-- DATA FOR ANALYSIS follows --

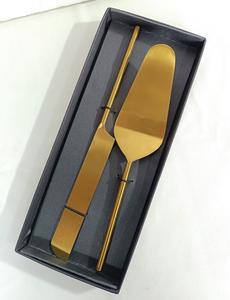 Elegante Juego de Cubiertos de Acero Inoxidable con Diseño de Plumas, Cuchara y Cuchara-Tenedor Dorados Duraderos con Mangos Decorativos en Caja de Presentación - Product Image 3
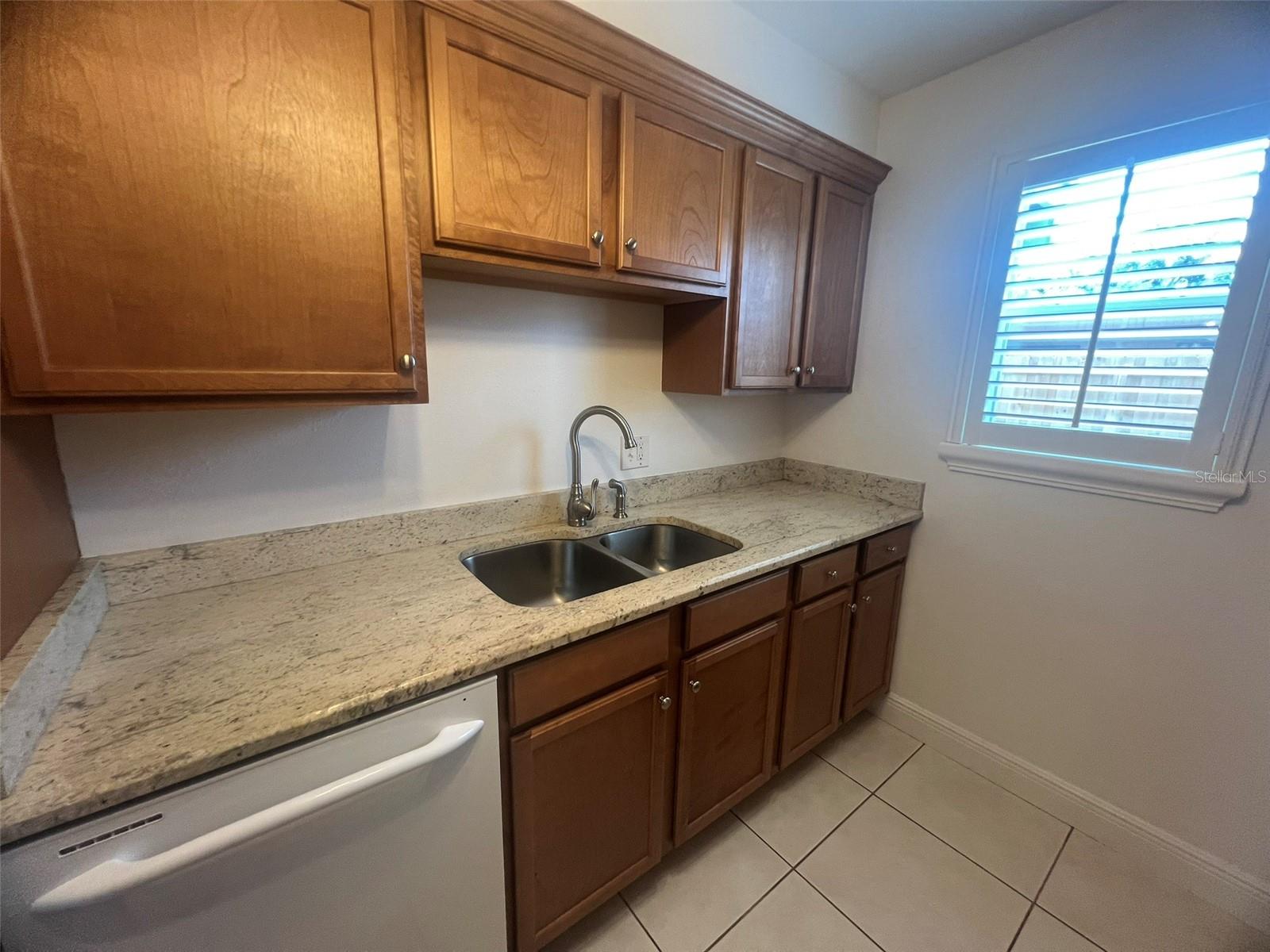 Image 4 of 22 For 2426 Windward Way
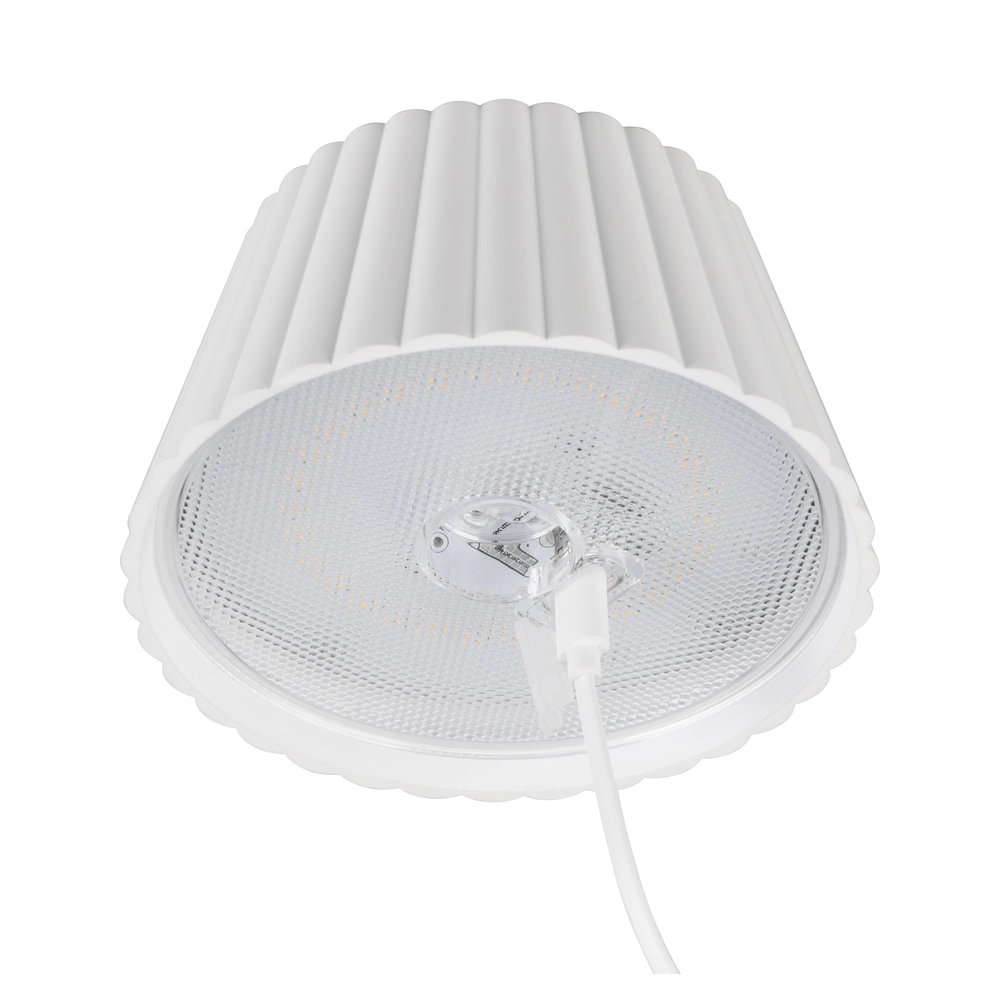 Stehlampe Suarez weiß Trio 4017807601749
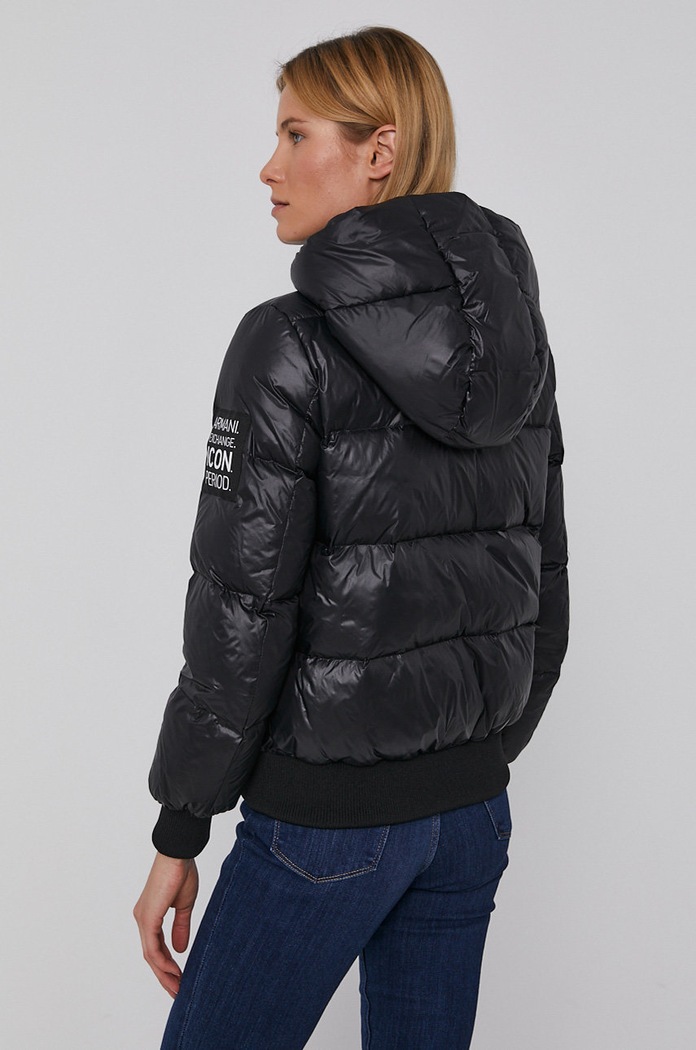 Odzież Armani Exchange Kurtka puchowa 8NYB40.YNYNZ.NOS 8NYB40.YNYNZ.NOS czarny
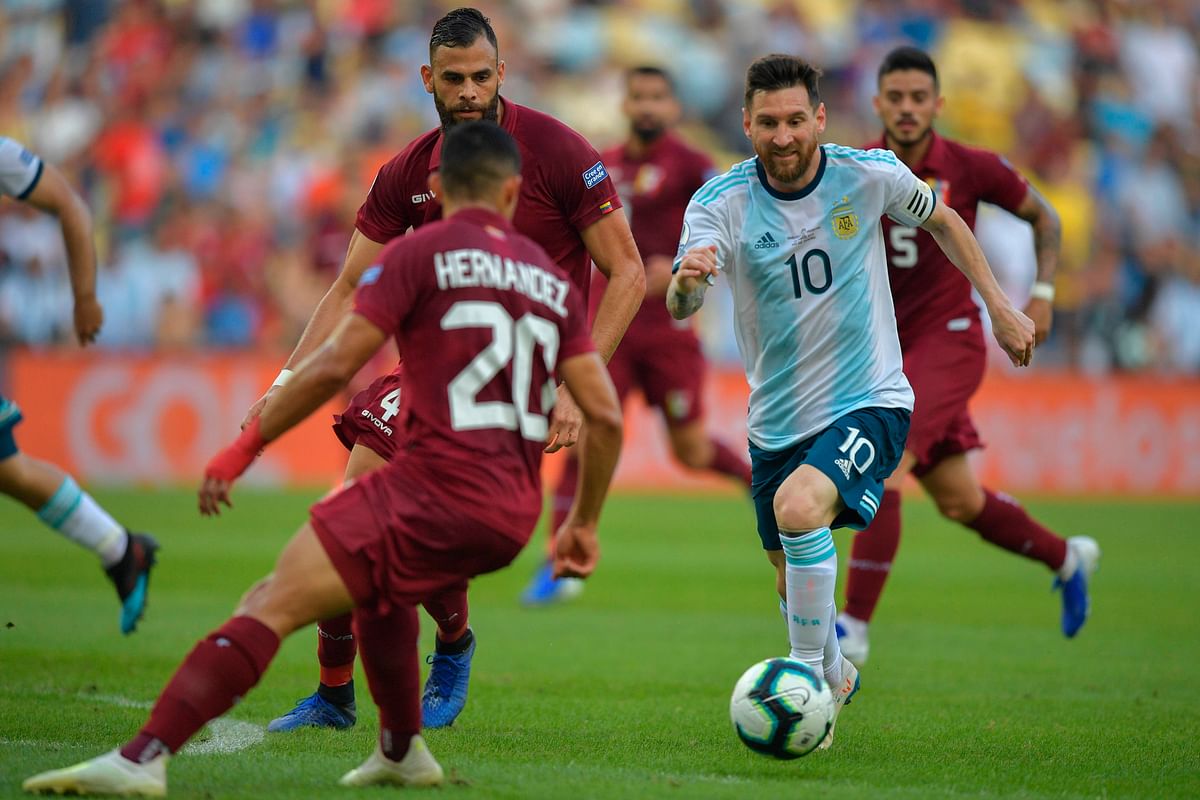 Argentina`s Lionel Messi (R) is marked by Venezuela`s Ronald Hernandez during their Copa America football tournament quarter-final match at Maracana Stadium in Rio de Janeiro, Brazil, on 28 June, 2019. Photo: AFP
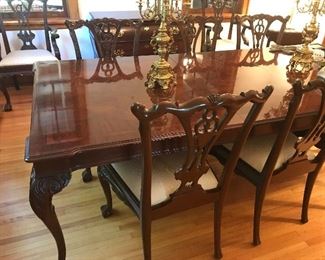 Gorgeous dining room table w/10 chairs, leaves & pads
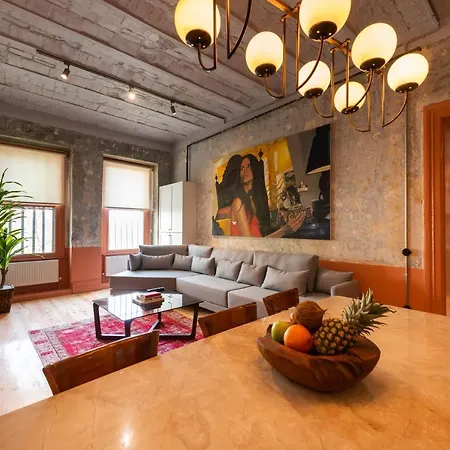 Penelope's Loft: Just Renovated 5br In City Centre Lejlighed Istanbul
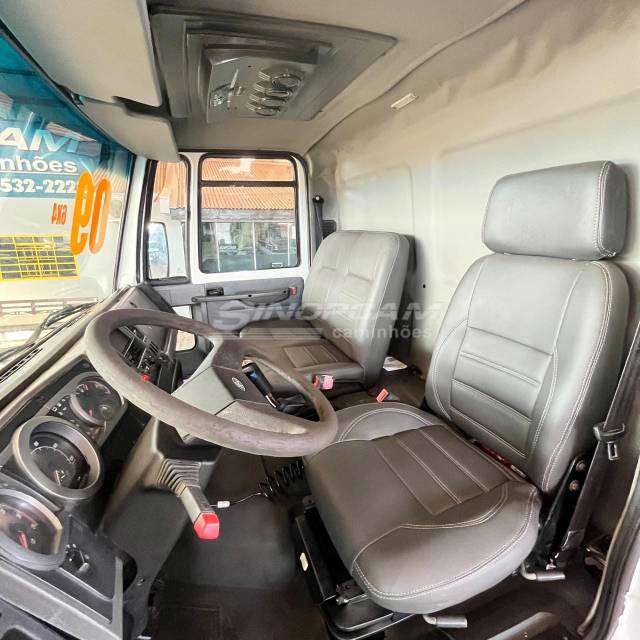 FORD CARGO 2009 6X4 - Foto 6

-- DATA FOR ANALYSIS concluded --

PROBLEM
What you set down should be exactly the lines from the line containing "2019. Photo: AFP" to the last line of the entries above, both included, with no pictures.

EXERCISE SOLUTION
 Argentina`s Lionel Messi (R) is marked by Venezuela`s Ronald Hernandez during their Copa America football tournament quarter-final match at Maracana Stadium in Rio de Janeiro, Brazil, on 28 June, 2019. Photo: AFP
 Gorgeous dining room table w/10 chairs, leaves & pads
 Penelope's Loft: Just Renovated 5br In City Centre Lejlighed Istanbul
 FORD CARGO 2009 6X4 - Foto 6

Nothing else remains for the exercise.